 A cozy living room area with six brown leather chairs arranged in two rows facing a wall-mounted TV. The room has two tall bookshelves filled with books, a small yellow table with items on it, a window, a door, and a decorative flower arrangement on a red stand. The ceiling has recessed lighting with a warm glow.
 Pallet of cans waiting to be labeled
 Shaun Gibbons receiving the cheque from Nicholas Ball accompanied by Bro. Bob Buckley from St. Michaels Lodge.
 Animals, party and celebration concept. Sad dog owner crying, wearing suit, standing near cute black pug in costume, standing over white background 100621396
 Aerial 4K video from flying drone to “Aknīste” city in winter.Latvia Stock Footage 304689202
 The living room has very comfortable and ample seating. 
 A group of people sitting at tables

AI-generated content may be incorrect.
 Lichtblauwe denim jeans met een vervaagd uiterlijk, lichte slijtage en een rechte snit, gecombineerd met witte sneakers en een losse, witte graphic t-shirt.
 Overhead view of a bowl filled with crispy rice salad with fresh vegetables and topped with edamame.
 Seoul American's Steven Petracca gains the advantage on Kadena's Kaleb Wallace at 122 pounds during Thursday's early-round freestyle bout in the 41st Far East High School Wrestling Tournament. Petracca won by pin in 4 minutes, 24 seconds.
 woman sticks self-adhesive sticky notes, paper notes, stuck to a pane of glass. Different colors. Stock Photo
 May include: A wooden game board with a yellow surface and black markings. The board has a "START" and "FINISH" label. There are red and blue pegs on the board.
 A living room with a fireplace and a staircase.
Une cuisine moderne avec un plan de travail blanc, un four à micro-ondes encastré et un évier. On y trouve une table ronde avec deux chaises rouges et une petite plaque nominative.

-=-=-

#### Exercise prompt
State the number of lines above that include the word "from", and write nothing besides that number.

#### Response to the exercise
2